Currently deletion of linkerd from an k8s cluster is done via the linkerd install --ignore-cluster command. This has worked so far but after the work carried out in #3600, some questions emerged. Namely, the previous command relies on the fact that we can generate a yaml file that is identical to the one used by the installation phase. In certain scenarios, when we cannot ignore the cluster and we need to fetch some data from it to generate the file (i.e. using --external-issuer=true and fetching the trust anchors from a secret) the standard approach simply does not work.
I think what we need to have is a generic linkerd delete/uninstall/any-other-suitable-name command that will simply generate a yaml file that can be used to delete the linkerd resources from the k8s cluster. This command should work even if there is no connection to the cluster.

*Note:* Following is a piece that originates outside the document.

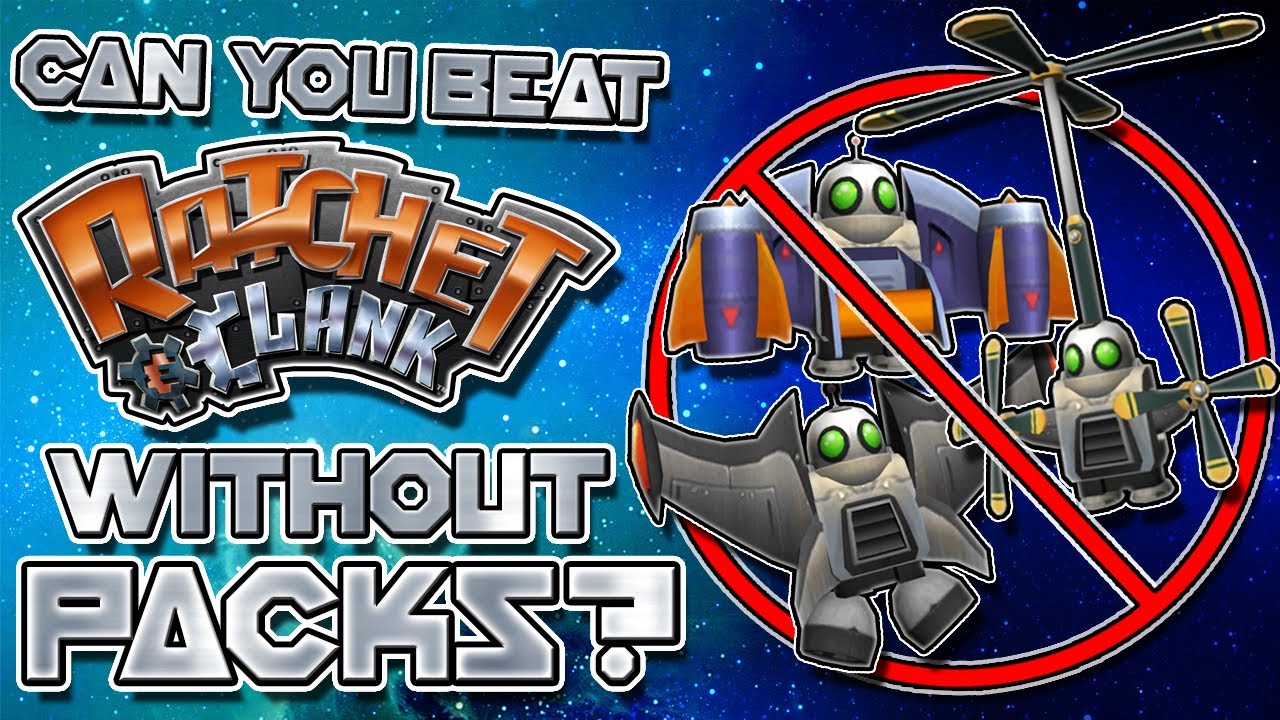 Can You Beat Ratchet And Clank Without Packs?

Should it actually be a text only command that outputs the minimum yaml needed to do kubectl delete and get rid of linkerd or it should actually talk to the cluster and perform the whole deletion ?

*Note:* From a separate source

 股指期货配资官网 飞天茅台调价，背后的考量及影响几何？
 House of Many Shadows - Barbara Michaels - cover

If its a just yaml command, does it make sense to have a separate helm chart for it?
Are there any edge cases we need to think about (i.e. having a iiexternal-issuer flag that leaved the namespace alone once #3600 is merged?)
cc @grampelberg
Should it actually be a text only command that outputs the minimum yaml needed to do kubectl delete and get rid of linkerd or it should actually talk to the cluster and perform the whole deletion ?
So far, we don't modify the cluster at all. I think it makes sense to do that still. Maybe linkerd delete should output just the component names instead of all the YAML?
If its a just yaml command, does it make sense to have a separate helm chart for it?
Hmm, with helm, it'd just be helm delete and that would clean everything up, right?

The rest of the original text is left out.